If we omit the qualification "natural" from the question, then, of course, the most obvious examples are the arithmetized versions of metamathematical sentences expressing the (absolute) consistency of ZFC, or any axiom-system of set theory far weaker than ZFC within which arithmetic can be developed. Indeed, e.g. Con(ZF) is a sentence of arithmetic that we obtain by Godel-numbering from the metamathematical sentence "there is no proof of 0=1 from ZF." And if ZF is consistent, then Con(ZF) is undecidable in Peano arithmetic with unknown truth value. Actually, on the one hand, Con(ZF) implies Con(PA), and the arithmetical proof of $\lnot$Con(ZF) would yield a direct proof of the inconsistency of ZF.

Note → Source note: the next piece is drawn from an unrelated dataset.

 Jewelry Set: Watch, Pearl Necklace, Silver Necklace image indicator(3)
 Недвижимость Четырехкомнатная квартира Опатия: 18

As far as the "naturalness" condition is concerned, it seems that there will be no easy way to find "natural" sentences of this kind. Indeed, some natural candidates as e.g. the Goldbach conjecture are excluded, since they should be true, if they turn out to be undecidable. More precisely, any $\Pi_1$ sentence $S$ of arithmetic is true whenever $S$ is undecidable. Indeed, if $S$ is false, then its negation is a true $\Sigma_1$ sentence, and Peano arithmetic proves any true $\Sigma_1$ sentence.